Ni siquiera los familiares o la pareja del difunto podrán evitar que el Estado, a través de sus instituciones de salud, pueda disponer de los órganos, tejidos, células y cadáveres que necesiten trasplantarse.
En la exposición de motivos, los senadores asumen que la mayoría de la población no quiere que ofrecer sus cuerpos para estos fines, es decir, que han fracasado las campañas de donación de órganos. Por ello y ante la falta de colaboración social se opta por la imposición. Es decir, se le despoja al ciudadano de su estructura material, lo cual en los hechos constituye el uso coercitivo del Estado sobre una entidad que ya no puede defenderse: el cadáver.
El tema aquí, obviamente, no es ignorar la demanda de trasplantes sino cuestionar la decisión estatal para que todos seamos solidarios, aceptando que nuestro cuerpo no es en realidad propio.
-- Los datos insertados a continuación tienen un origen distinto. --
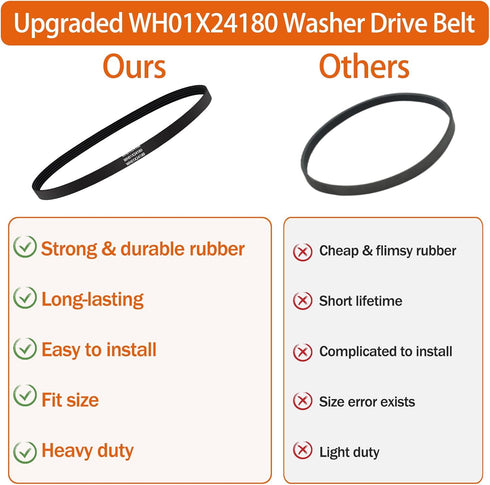 WH01X24180 Washer Drive Belt Compatible with GE Washing Machine Belt Replaces AP6024314,4455970,PS11736832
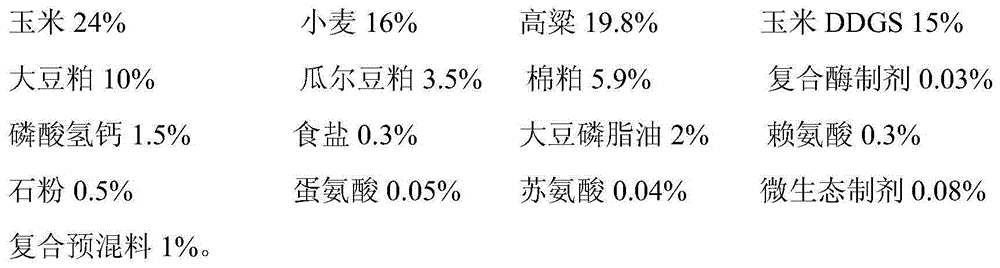 Meat duck compound feed and preparation method thereof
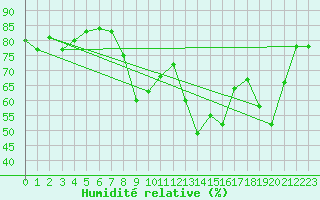 Courbe de l'humidit relative pour Ajaccio - Campo dell'Oro (2A)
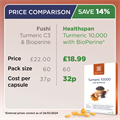 Turmeric 10000 with BioPerine® 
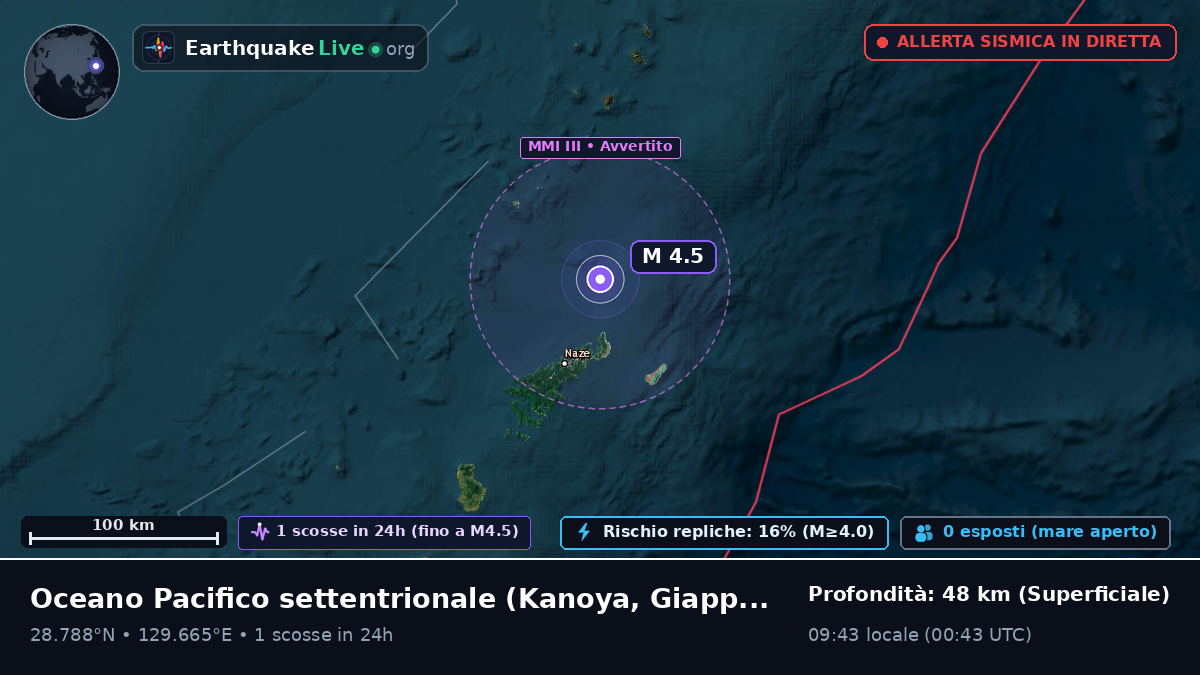 Oceano Pacifico settentrionale (Giappone)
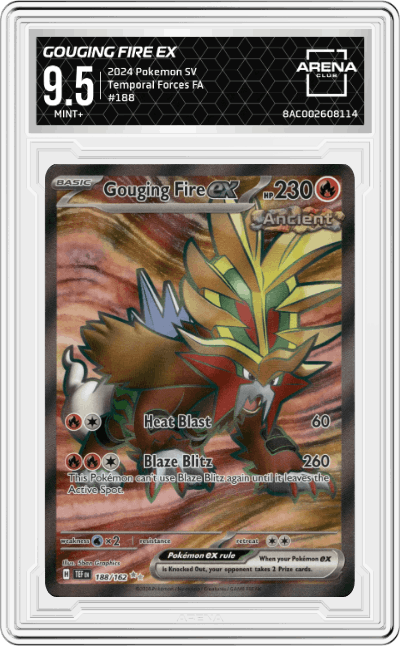 Gouging Fire ex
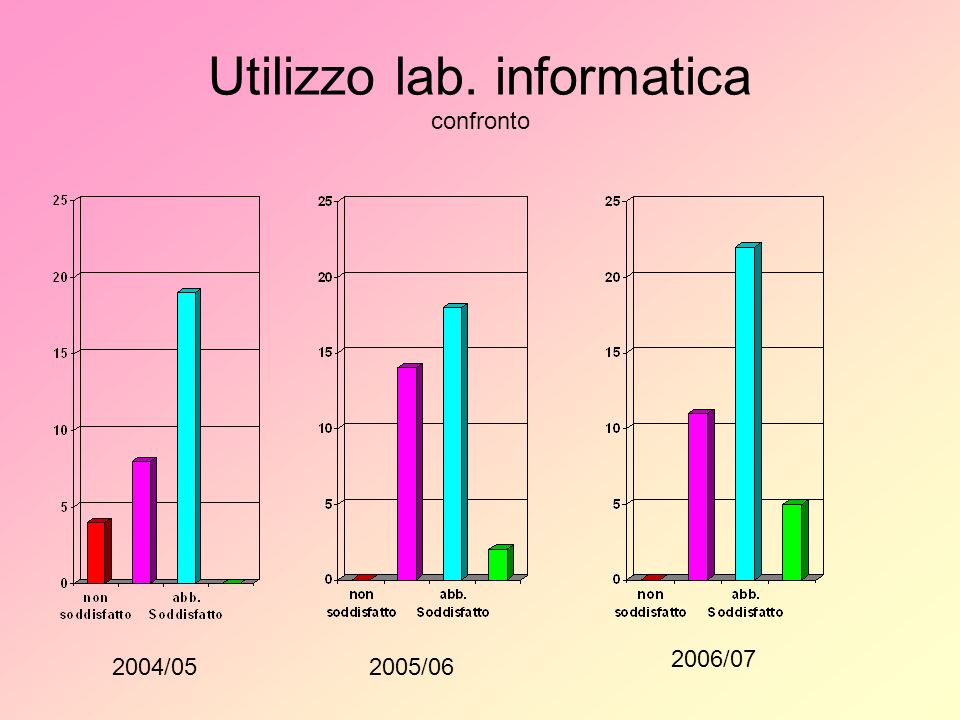 Utilizzo lab. informatica confronto 2004/052005/ /07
Esta medida se suma a otras disposiciones restrictivas desde lo jurídico y desde la moralidad en contra de nuestros cuerpos: restricciones en materias de sexualidad, de reproducción o de muerte voluntaria, prohibiciones para participar del trabajo sexual, tatuarlo, perforaciones, vestimenta distinta al género asignado o uso sustancias recreativas.
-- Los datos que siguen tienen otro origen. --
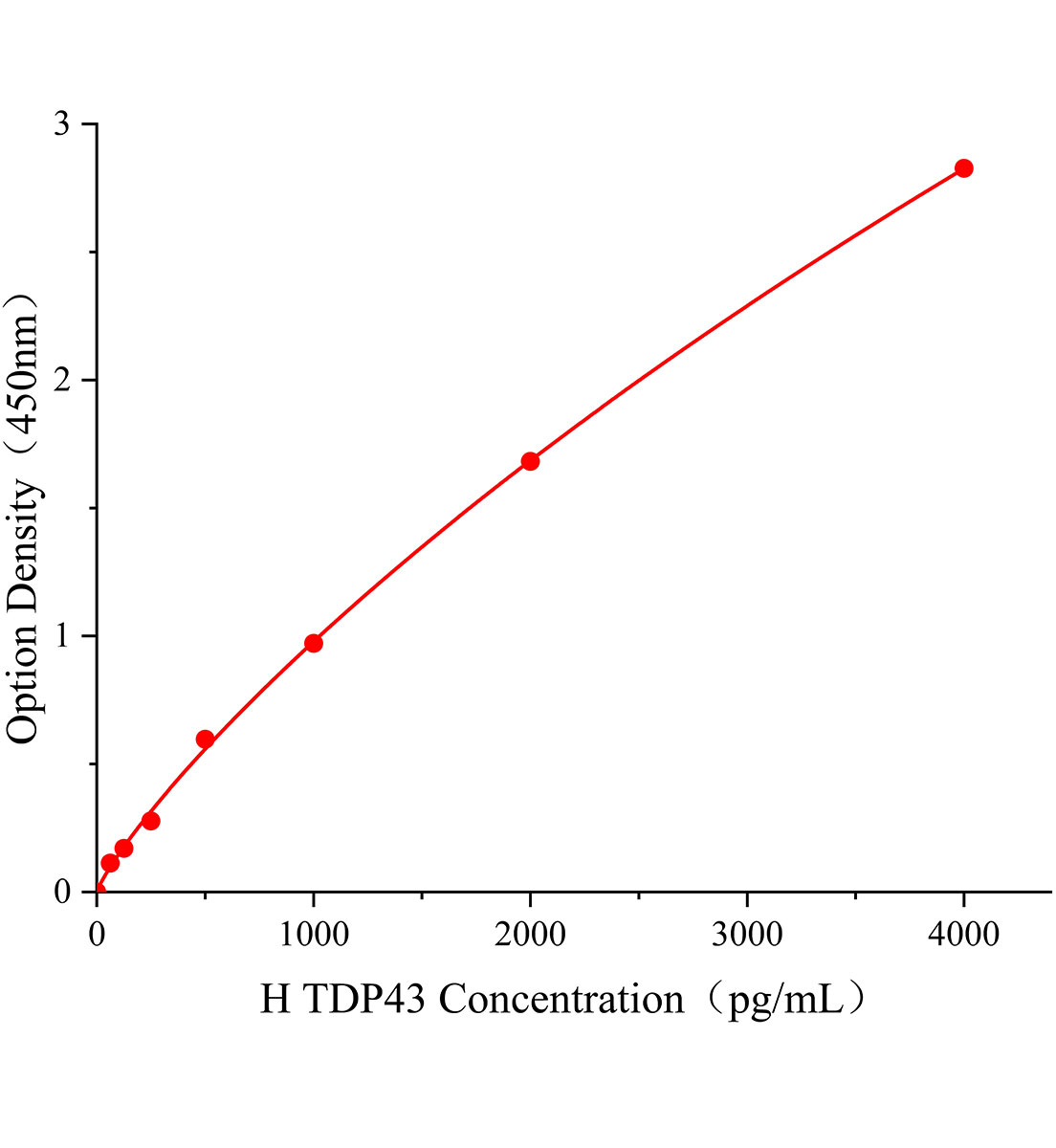人TARDNA結(jié)合蛋白43(TDP43)ELISA試劑盒主圖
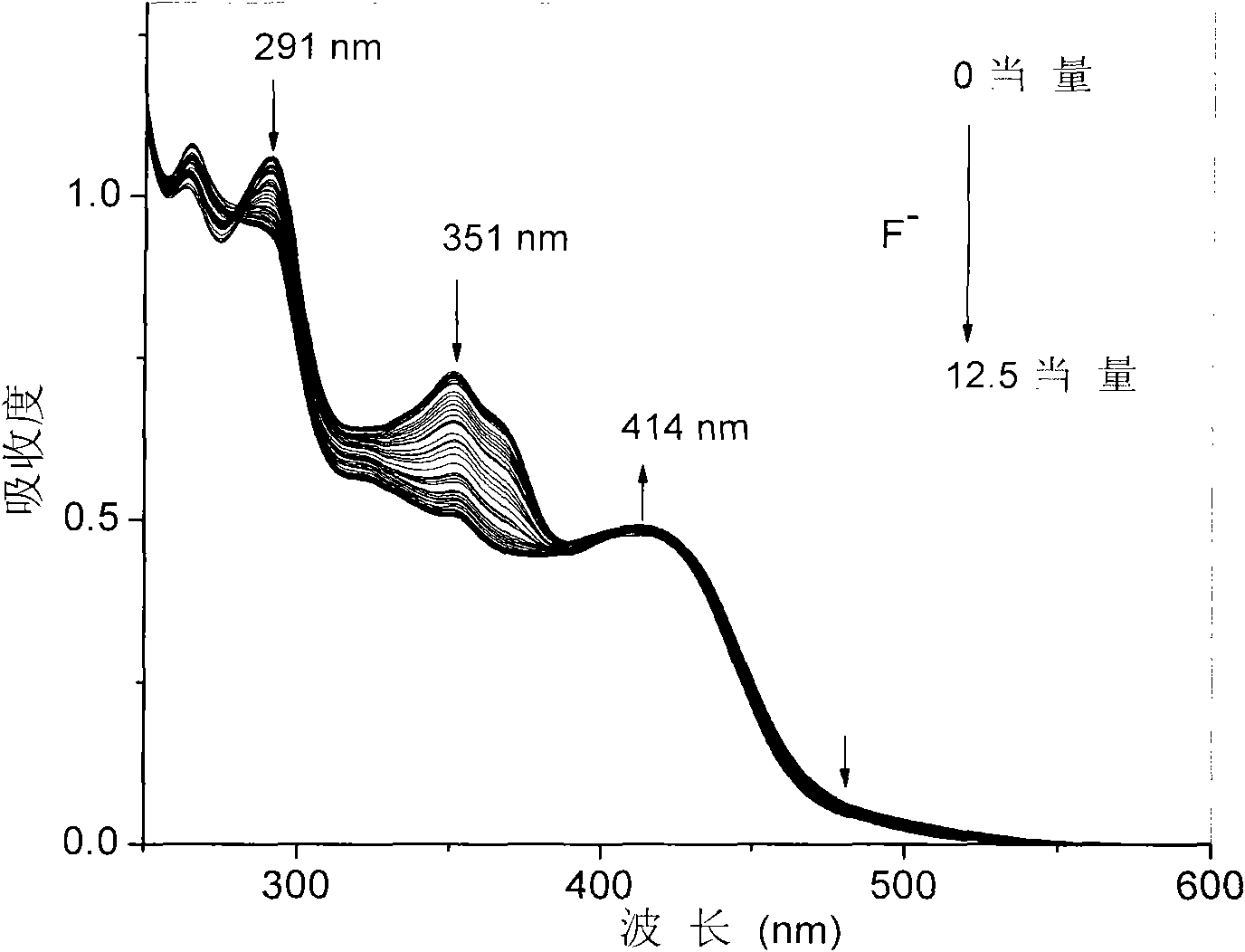 Iridium complex containing boron mesityl unit, preparation method and application as fluorescent probe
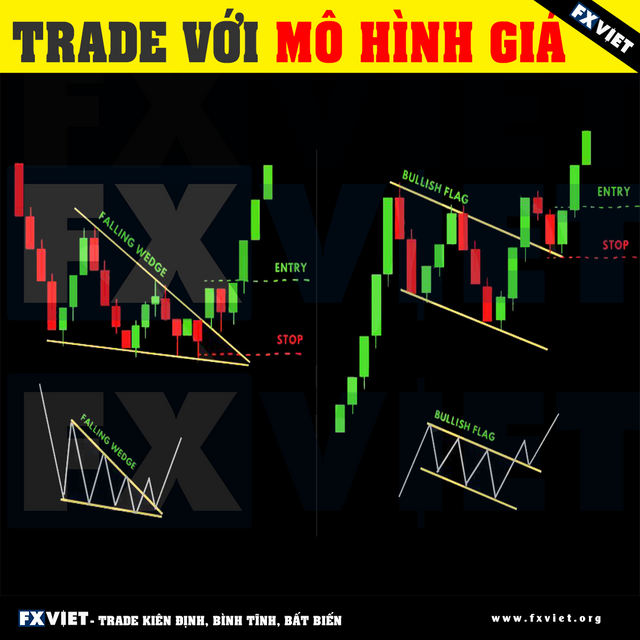 fxviet-trade-forex-mo-hinh-gia-dautuantoan.png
Conceptualmente, la aportación de esta reforma es que siembra la percepción de que habitamos cuerpos ajenos, que le pertenecen al Estado y que para usarlos éste los necesita sanos. Conceptualmente las modificaciones aprobadas dan por hecho que todos los cuerpos fallecidos tienen condiciones clínicas para ser trasplantados, por lo que el país requiere cuerpos sanos, de anatomías y órganos asépticos.
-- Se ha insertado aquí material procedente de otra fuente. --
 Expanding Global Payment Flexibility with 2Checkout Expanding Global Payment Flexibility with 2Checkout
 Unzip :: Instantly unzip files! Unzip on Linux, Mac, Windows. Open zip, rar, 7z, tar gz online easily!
Lo anterior refuerza el discurso conservador e incluso eugenésico que da poderes al Estado para distinguir y luego separar aquellos cuerpos que desde antes de morir no serán candidatos para trasplantar.
Con esta disposición se profundiza la invasión a la intimidad, una intromisión que de paso violenta la integridad de la persona fallecida; no su memoria, sino su dignidad.
En el célebre ensayo por el que disecciona el nacimiento de la prisión, Michel Foucault plantea que al haber introducido el cuerpo humano en un esquema de coacción y de privación, de obligaciones y de prohibiciones, se le ha restringido la libertad al individuo.
Lo anterior se acentúa con medidas como las reformas comentadas a la Ley General de Salud, porque saberse ajeno al cuerpo habitado equivale a reconocerse dentro de una prisión. Sin duda hay que releer a Foucault en sus planteamientos sobre las dimensiones y usos de la prisión. La analogía no es gratuita.
¿Cuántas personas van a formalizar el rechazo a que su cadáver se use en trasplantes? Es temprano para saberlo, incluso porque la decisión del Senado deberá todavía ratificarse en la Cámara de Diputados.
Difícil haber pensado, hace años, que antes de morir tendríamos que dejar bien escrito nuestro rechazo a la intromisión de bisturís y otras herramientas en nuestros cuerpos fallecidos. Definitivamente el Estado no ha perdido tamaño, sigue invadiéndonos, determinando qué hacer con los cadáveres intestados por descuido o ignorancia.
Referencia
- Foucault, Michel. Vigilar y Castigar, traducción de Aurelio Garzón del Camino. Ed. Siglo XXI, 2005, México.